This bug may be related to Bug#40633 (pushbuild failure: Falcon assertion "lockState == 0" failed in SyncObject.cpp)

How to repeat:
Reproduced manually on Suse Linux 10.1 64-bit (sapsrv2) using mysql-6.0-bugteam branch 2009-02-03:

./mtr  --force --mem --mysqld=--core-file --embedded gcc296 --repeat=1000

(...)

main.gcc296                              [ pass ]     11
main.gcc296                              [ fail ]  timeout after 900 seconds
        Test ended at 2009-02-03 15:33:47

 - saving '/nfstmp1/johnemb/replay/mysql-6.0-bugteam/mysql-test/var/log/main.gcc296/' to
'/nfstmp1/johnemb/replay/mysql-6.0-bugteam/mysql-test/var/log/main.gcc296/'
 - found 'core.26277', moving it to '/nfstmp1/johnemb/replay/mysql-6.0-bugteam/mysql-test/var/log/main.gcc296'
 - found 'core.26277' (1/5)

Trying 'dbx' to get a backtrace

Trying 'gdb' to get a backtrace
Core generated by '/nfstmp1/johnemb/replay/mysql-6.0-bugteam/libmysqld/examples/mysqltest_embedded'
Output from gdb follows. The first stack trace is from the failing thread.
The following stack traces are from all threads (so the failing one is
duplicated).
--------------------------
Using host libthread_db library "/lib64/libthread_db.so.1".

warning: core file may not match specified executable file.
Core was generated by `/nfstmp1/johnemb/replay/mysql-6.0-bugteam/libmysqld/examples/mysqltest_embedded'.
Program terminated with signal 6, Aborted.

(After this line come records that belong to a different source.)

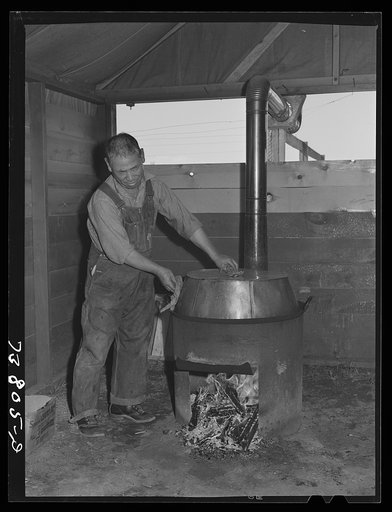 Shelley, Idaho. FSA (Farm Security Administration) mobile camp. Cooking big pot of rice for the cooperative mess of the Japanese living at the camp
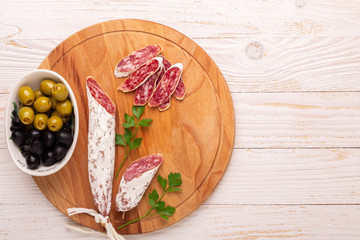 Salami and bread on white wooden background. Top view.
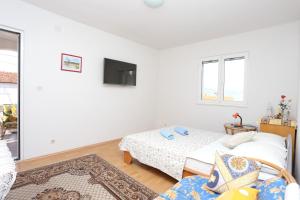 a living room with two beds and a tv at Apartments by the sea Slatine, Ciovo - 16341 in Slatine
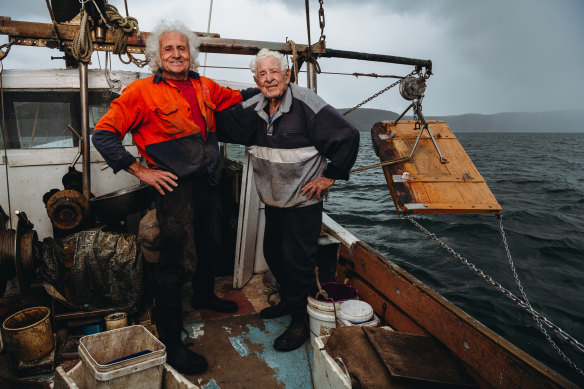Fisherman Santo La Macchia (right), who turns 101 on Tuesday, with his son and skipper “Young Bobbie”, 75. 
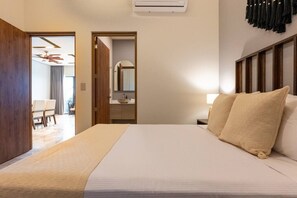 A hotel room with a bed, bedside table, and a view of a bathroom. - Luxury 2 BR PH w/Private Pool, Walk to Beach (Tulum)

Full stack trace will be attached shortly.

Suggested fix:
?

MTR output from bug42569 crash, including full stack traces (test run produced two core files).

Attachment: gcc296-failure.txt (text/plain), 17.73 KiB.

(Bug number in attachment description should of course be 42568, not 42569)

I too think this is related to the same issue as Bug#40633 so I assign it to myself.

I have been able to identify at least one way this assert can
happen. The sympthon is that we are unlocking the Cache::syncWait
object when it seems like it has not been locked.

From the core file produced by John the syncWait object looks like this:

  syncWait = {<SynchronizationObject> = {
      _vptr.SynchronizationObject = 0xd7bb70}, monitorCount = 1,
    mutex = {<SynchronizationObject> = {
        _vptr.SynchronizationObject = 0xd9e310}, holder = 0x0, mutex = {
        __data = {__lock = 0, __count = 0, __owner = 0, __nusers = 0,
          __kind = 0, __spins = 0, __list = {__prev = 0x0, __next = 0x0}},
        __size = '\0' <repeats 39 times>, __align = 0}}, queue = 0x0,
    exclusiveThread = 0x0, readers = 0, waiters = 0, lockState = 0,
    stalls = 0, objectId = 45, sharedCount = 0, collisionCount = 0,
    exclusiveCount = 2, waitCount = 0, queueLength = 0, location = 0x0,
    name = 0xd93d8e "Cache::syncWait"}

As this shows the syncWait object is not locked and it seems valid to
assert at this point in time. But the interesting thing to note is
that the monitorCount = 1. For an unlocked syncObject the monitorCount
should be 0. So this is (IMHO) an illegal state for a syncObject.

How can we get a syncObject into this state?

1. To get the monitorCount equal to 1, this syncObject must be locked
exclusively twice (on first lock() call the lock state is set to -1,
on the second call() the monitorCount is set to 1).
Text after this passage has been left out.